I know diesel oil can be aggressive in it's own way. I know I can use another petrol bulb and replace when it goes off but I'd rather not; who knows when it may release tiny particles into my injectors.
So looking for a replacement - preferably a brand of primer bulb that is manufactured to handle diesel. There are diesel outboard motors around so you would think they would need purpose made primer bulbs. Any ideas?
why not change to a pump and filter like this ?
www.ebay.com.au/itm/For-Toyota-Landcruiser-HZJ70-HZJ75-Series-Primer-Pump-and-Fuel-Filter-Ryco/313063557444

Having replaced my engine about 18months ago now with a Beta 10 can I ask is it the norm to turn off the diesel at the tap after use or leave the tap on allways. I have tended to leave it on to avoid the issues of air blocks in the line as I think I was told its a pain to bleed them. I have a substantial fuel tap install and well secured so unlikely to burst however I do understand nothing is 100% guaranteed.
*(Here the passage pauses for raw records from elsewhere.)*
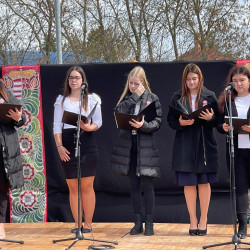 tied vagyok tied hazam71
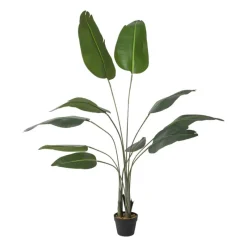 Xenos Kerstcadeaus|Kunstplanten-Kunstplant strelitzia - 160 cm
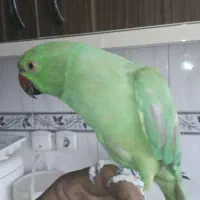 عروس هلندی مولد، گرینچیک مولد ،فنچ مولد،طوطی ملنگو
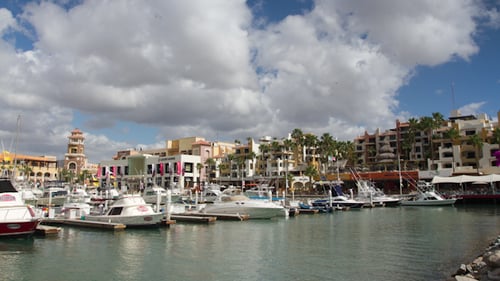 Harbour Cabo San Lucas Baja California Sur Mexico 6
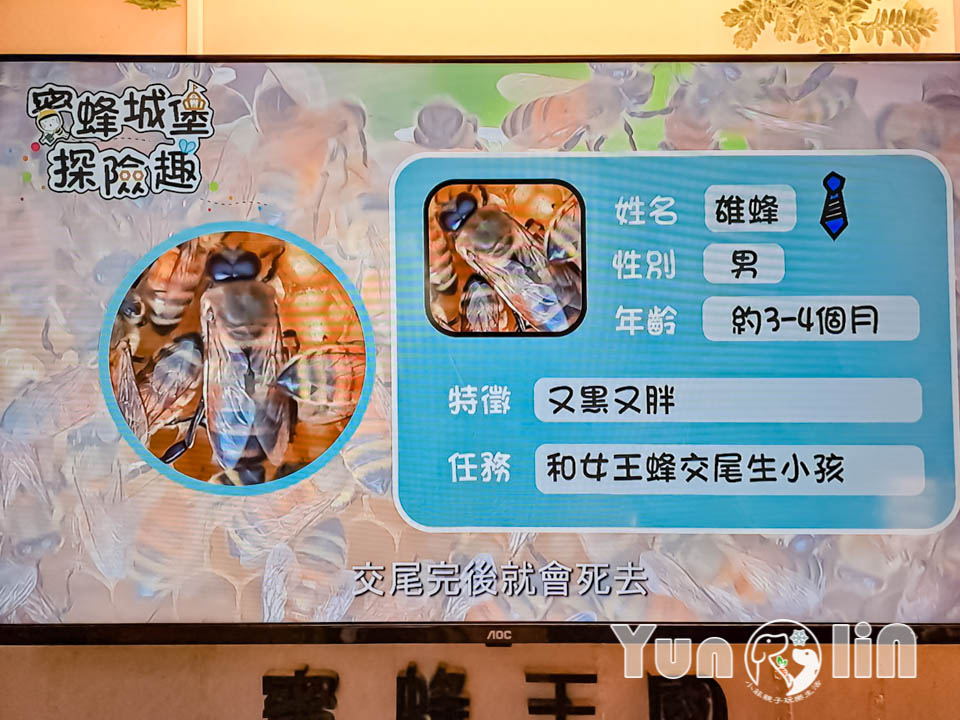 145065_0 雲林古坑景點〡蜜蜂故事館〡玻璃蜂箱蜜蜂無所遁形, 不用全裝即可近距離觀察, 蜂巢霜淇淋甜蜜好滋味, 免門票親子順遊景點, 古坑綠色隧道旁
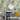 Botanical Floral pattern wallpaper Mural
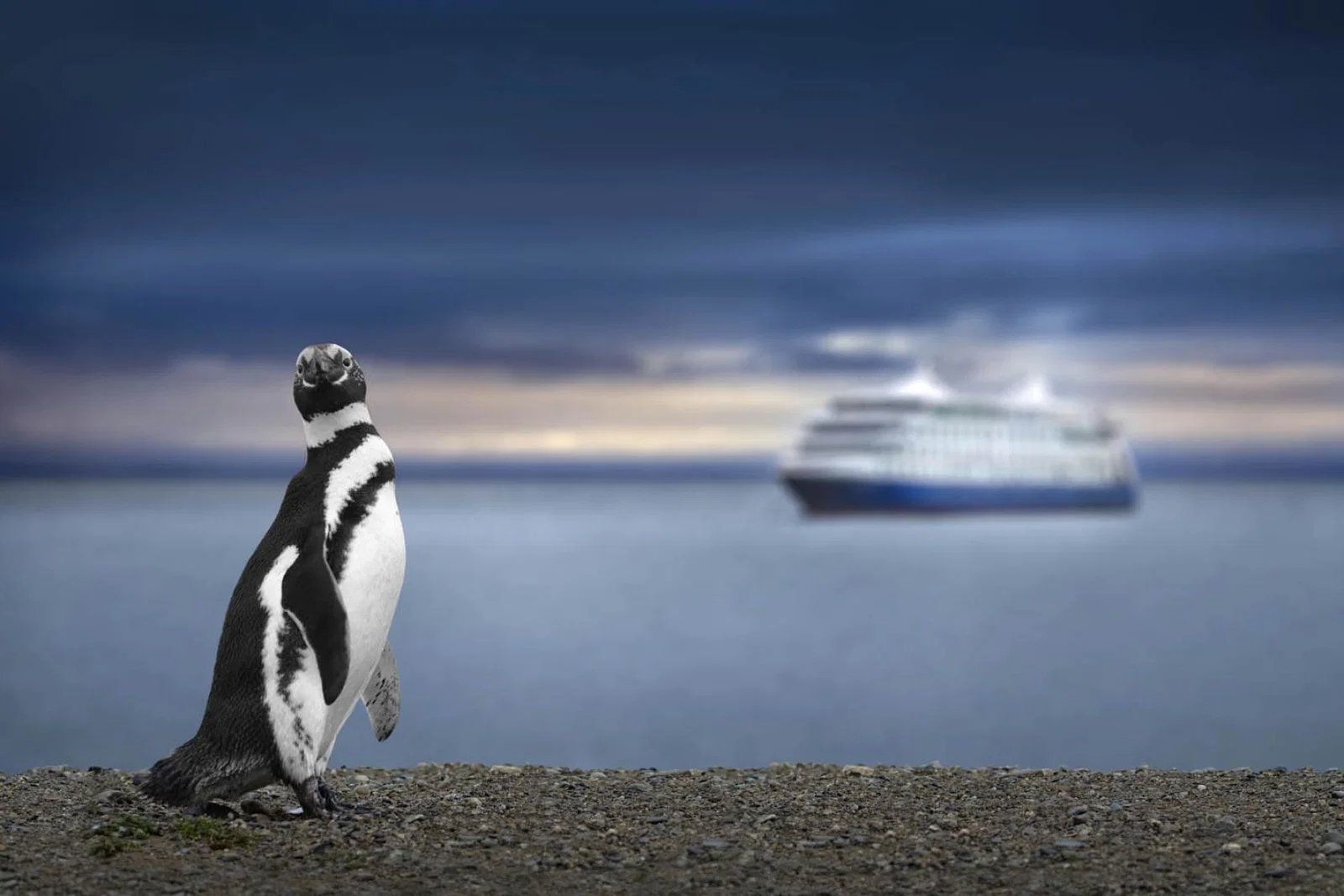 Magellanic penguin (stock) - (NB: South American species)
Having replaced my engine about 18months ago now with a Beta 10 can I ask is it the norm to turn off the diesel at the tap after use or leave the tap on allways. I have tended to leave it on to avoid the issues of air blocks in the line as I think I was told its a pain to bleed them. I have a substantial fuel tap install and well secured so unlikely to burst however I do understand nothing is 100% guaranteed.
I leave fuel always on.
When priming a pump ......Basically the longer the suction line,,, the higher the losses,, one of the reason why suction lines are usually larger in diameter.
Thanks Jolene, good elucidation.
Your latter point about suction line length vs resistance may also be a good reason to have the primer bulb as close to the tank as possible. Learn something every day.
why not change to a pump and filter like this ?
Thanks Harb, nice idea, fewer parts, fewer junctions, fewer leaks. Though not clear whether, for that style of filter, you can see and then drain residual water.
Having replaced my engine about 18months ago now with a Beta 10 can I ask is it the norm to turn off the diesel at the tap after use or leave the tap on allways. I have tended to leave it on to avoid the issues of air blocks in the line as I think I was told its a pain to bleed them. I have a substantial fuel tap install and well secured so unlikely to burst however I do understand nothing is 100% guaranteed.
MrMac, I would prefer to leave my tap on for precisely that reason - a leak in the system would draw down the fuel in the line and draw air in, so you might have to bleed the system every time you'd turn it on. For me, bleeding is awkward because I'd have to remove the steps and cowling to get to the engine (my new removable panel could make it much easier). And I'm lazy, and don't like the extra work to turn the engine on.
However, I've got a leak at the tank (different from the leak at the engine), which will empty the fuel tank into the cockpit locker over the course of a week or two. I think I know how to fix it by re-routing the fuel lines. Until I do, I'll have to turn off the tap at the tank.
So, if you don't have a leak, leave the tap on. If you do have a leak, fix the leak.